There's been a lot of talk (some of it by me, all of it true) about porteños and their spectacularly terrible taste in music. Every time I go out to a disco, there they are, bopping up and down to that generic electronica beat as if it were the most amazing sound in the world. And since I moved here nearly two and a half years ago, every time those opening strains of that tired remix of Alanis Morrissette's "Uninvited" comes on, a flock of seagulls, er sheep, scrambles to the dancefloor as if they are hearing it for the very first time. Me, I roll my eyes, shrug, make a sarcastic comment to my friend Luciano (if he's with me), and wait for the next beat to drop.

But Saturday night, something happened that knocked me onto my feet and kept me there. I went to Ambar la Fox, the Saturday night party at the Roxy, with my friend Andres, and--surprise, surprise!--the music was good. Great, even. I'd been to the Roxy a few times before, and I always appreciated the occasional rays of musical light. But Saturday night, track after track kept me moving: Elastica's "Connection," Garbage's "Cherry Lips (Go Baby Go!)," the Rolling Stones's "Sympathy For The Devil." The more current stuff made me wanna jump and shout, too (and I did): The Ting Tings (both "That's Not My Name," my new theme song for no reason other than that it's got so much attitude and sounds so damn good from the dancefloor, and "Great DJ"), Katy Perry (sorry, but "Hot N Cold" blows "I Kissed A Girl" away), Kylie Minogue's "The One," Goldfrapp's "Ooh La La" and several others that my currently failing memory can't recover.

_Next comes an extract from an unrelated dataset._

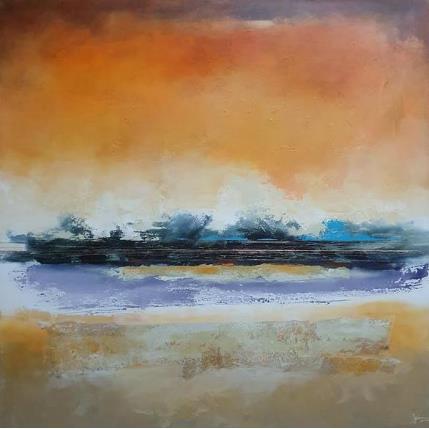 Peinture Abstraction #9169 par Hévin Christian | Tableau Abstrait Acrylique Minimaliste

Just another hour with my iPod, yes, but considering that the average Amber partier is probably barely out of their teens, it was a small miracle that they seemed to be so enthusiastic for a million-year-old Rolling Stones jam--and in its original form, not that ridiculous Neptunes remix. Amazingly, there wasn't a hip hop or an R&B beat in earshot. (Yay, no Rihanna! No Beyoncé!) This clearly wasn't New York City. Even the perfunctory Britney Spears tracks didn't bring me down, although I'd take "Gimme More" over "Womanizer" or "Circus" any night of the week. As I jumped up and down and chanted along to "Sympathy For The Devil," I thought to myself, It's only rock & roll, but I like it.

The crowd was as easy on the eyes as the music was on the ears, although a little on the young side, which outside of the disco, doesn't normally deter me. But 21 year olds are sloppy drunks, and that's not such a beautiful thing. My friend Andres scolded me for snubbing the cutest boy there, who he thought was obviously into me, but I didn't care for his stumbling-druk ways. And so I danced. Fittingly, I ended the night (or rather, the following morning) discussing the musical ups and downs of Fiona Apple in an elevator across town with Nicolas, an Anthony Kiedis lookalike who had just turned 30. And that, for me, is a happy rock & roll ending.